Hiç sormadan, yargılayıp kalem kırmak. İşte bunu hiç yapmadım. Mutlaka anlayıp idrak etmeye çabaladım. Keşke bunu deneseydik hepimiz.
Mahallenin eskisine yenisine duyrulur: Teneke kaplı madalyalar takmışım meğer. Meğer duyuramamışım sesimi bir adım öteme bile. Azdan türemiş, aza yürümüşüm. Etimi kemiğimden ayırmışlar tırnaklarıyla yabancılar. Başka yabancılara bölüştürülmüşüm sonra.
Kelimelerim çalınmış bir gece ansızın. Mıhlandığım duvarlardan sökülüp atılmışım. İsteseydim gerçekten, taş üstünde taş gövde üstünde baş komazdım biline. Lakin seçimim çekilmek oldu köşeme. İzleyip yalandan yapılma oyunları, hayret ettim her seferinde.

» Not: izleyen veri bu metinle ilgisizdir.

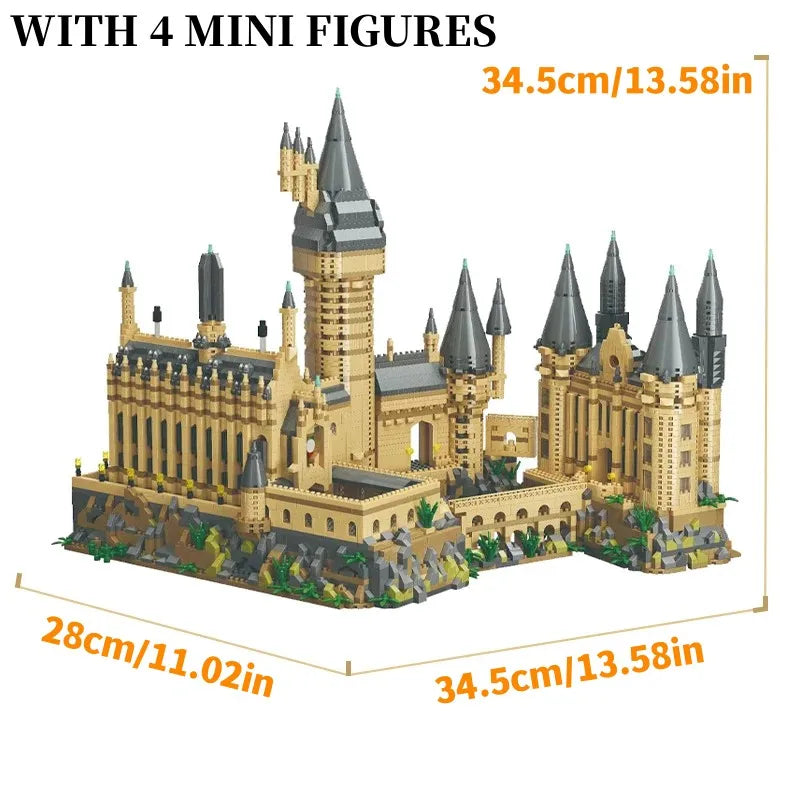 City Creative Medieval Magic School Castle Famous Architecture Palace Model Building Blocks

İlgilenilmedikçe ilgiyi çağıran çocuklar gibi hırçınlaştığım söylendi. Kapalı odalarda yaşanmışlıkları ifşa ettiğimden dem vuruldu. Demek benden bunlar umuldu. Yazık ne diyeyim?
Oysa her sırrın kadim saklayıcısıydım ben. Ulaşamadığı suları içmek yerine kirletenmişim bir de. Çamur toprak ham maddemdir bilirim. Fakat ruhum üflendikten beri tenime, çamura bir daha hiç düşmedim.
Hep sevdim ben olmayı. Öteki, beriki, şu ve bu olmayı hiç istemedim. Yılanlar öc aldılar benden. Yaşamayı beceremedikleri her şeyin öcünü hem de. Geceyi suç ortağı edip hücûm ettiler üzerime. Anlar da uzağıma taşır mı dedim gölgeleri, olmadı. İçime içime sokuldular iyice.
Seneler var, kilitliydi mühürlüydü dudaklarım. Bundan gayrı çözüldüm. Anladım ki susmak, her daim getiren bir erdem değil imiş. Fakat yine de korkması gerekenlerden gayrısı korkmaya. Masuma ve mazluma hep kadifedir sesimin tınısı. Kalemi kaşınanlar, ardımdan çukur kazanlar, ar saydığım suskunluğumu sinip saklanmak sayanlarsa hazırlıklarını buna göre yapsınlar. Afların tümü yok hükmündedir artık. Yazan yanımı korumak, kurtarmak tek emelimdir biline...
YORUMLAR
Sevgili Fırat.
Bazen susuyor insan tıpkı Mevlana'nın dediği gibi edebinden. Lakin siz sustukça edepsizler daha da edepsizleşiyor maalesef. Hani onlar da sussalar temelli susmayı tercih edecek insan ama ne gezer, siz sustukça daha da pervasızlaşıyorlar, daha bir üzerinize üzerinize geliyorlar. İşte bu durumlarda susmamak gerek bence.
Verdiğin mesajı umarım anlaması gerekenler anlamıştır...
Selam ve sevgilerimle.
Fırat Avcı
Bence İpekyıldız doğru söylüyor, kimin ne alıp veremediği var sizinle, yazılarınızı yazıyorsunuz biz de okuyoruz efendim.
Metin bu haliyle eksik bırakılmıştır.